"There's no place like home," Dorothy said as she clicked her heels together.
She was right, there is no place like home.
Home is where your family and friends are.
Home is where you feel comfortable.
Home is feeling safe.
Home is where the heart is.
The worst thing about that, though, is that it makes it hard to let go.
I have been blessed enough to have grown up in a small town in New Jersey. My town is unlike any other, due to the closeness and togetherness of the town.
Everyone knows everyone. Everyone knows your business. Everyone hears the latest gossip. And most importantly, everyone supports each other.
However, living in a small town is both a blessing and a curse. It is a blessing due to the unconditional love and warmth you get from everyone around the town. No matter what happens, everyone will have your back and support you. It is where you can feel safe and feel loved everywhere you go.
How could something so amazing also be a bad thing?
Well, it's just so hard to leave.
Some people may say, "I can't wait to leave this horrible place and move on."
While others dread thinking about moving on to a different place. Some adults went to high school in this small town and never left, and I feel like that will be me.
I found it very hard to graduate from my high school.
Although it is small and everyone knows your business, it's kind of a comforting feeling. If someone has something to say to you, no doubt there will be a person that has your back.
The teachers and even the principal become your best friends. You can go to them for anything. The classes are fun, and the school becomes a home away from home.
My biggest fear was graduating and leaving all of these amazing things that it brought to me.
Well, I graduated, and now I'm on my next step--moving on and doing something with my life.
Of course, I'm going to college next year, community college, but the hard part is all my friends will be miles and miles away. I spend almost every waking moment with my friends, and in a month I will be by myself.
My quaint town full of best friends will be empty, with just me standing alone. It is time for me to venture off and make new friendships that will hopefully last a lifetime.
But how?
How can I move on from all of the amazing things this town has brought to me--including my best friends?
How do I start over?
I'm finding it hard to find myself and step away from the community of people that surround me.
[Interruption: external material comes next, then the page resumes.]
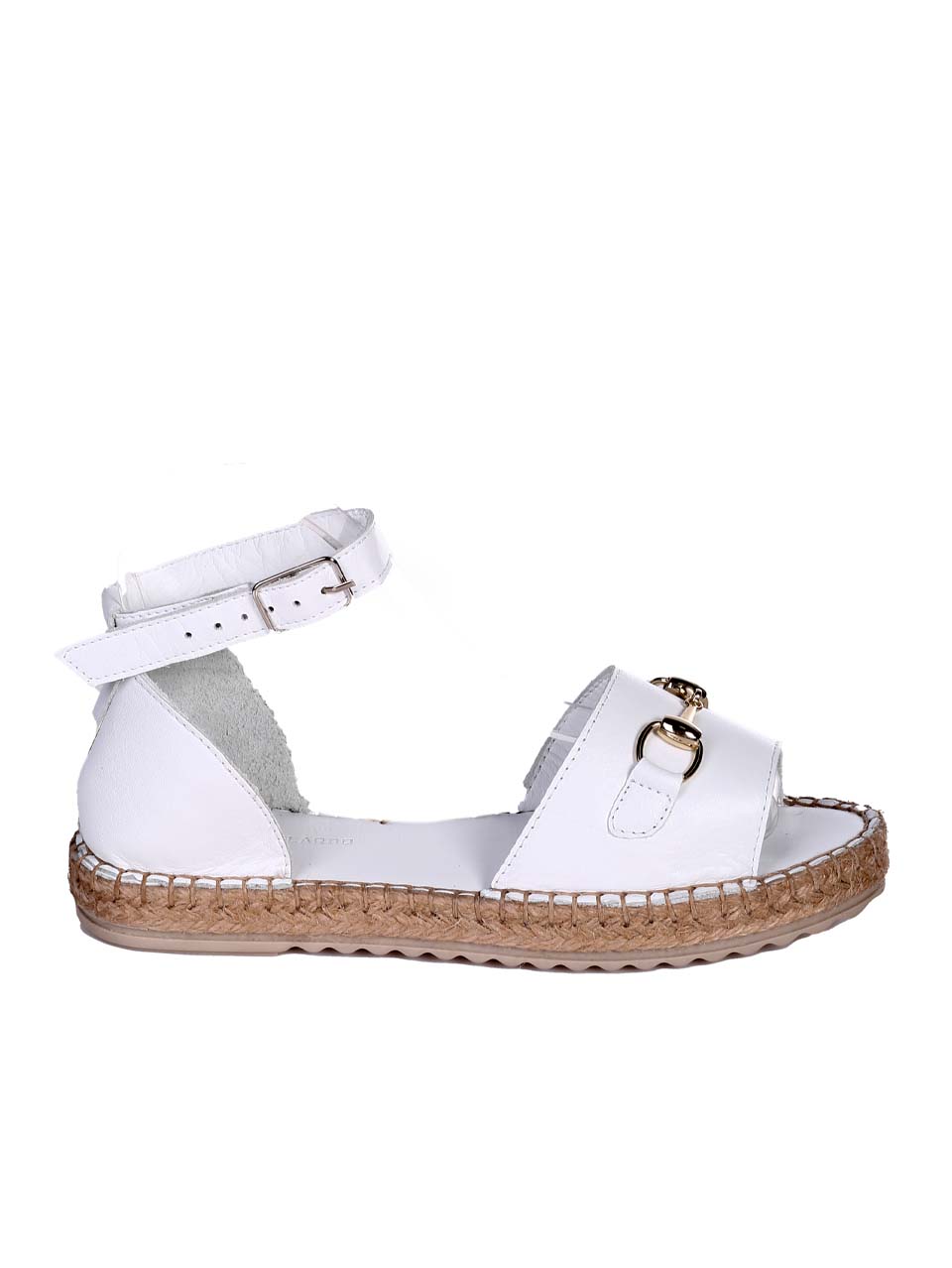 Ежедневни дамски сандали от естествена кожа в бяло 4AT-24351 white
They all give you such comfort that you become very dependent on everyone around you.
I can't even go to CVS, which is two minutes from my house, alone, let alone go off to college and be by myself.
I've never been very independent; I've always relied on others to help me along the way and guide me. Of course, it is okay to get help, but now I have to find my own way.
I have to make decisions for myself.
I have to learn things on my own.
(And yes, I even have to go to CVS without anybody there with me.)
This won't be an easy thing to do. While I love my small town, I also wish that it was not as amazing as it is, then it wouldn't be so hard for me to leave.
I am ready to take this challenge and become my own person.
I am ready to move on and (hopefully) become as independent as I can.
I am ready to do whatever it is to become successful and do amazing things with my life.
If it wasn't for my small town, though, I probably wouldn't be as encouraged as I am. I know that no matter what, I can always come back to my small, loving town and be reminded of where I started.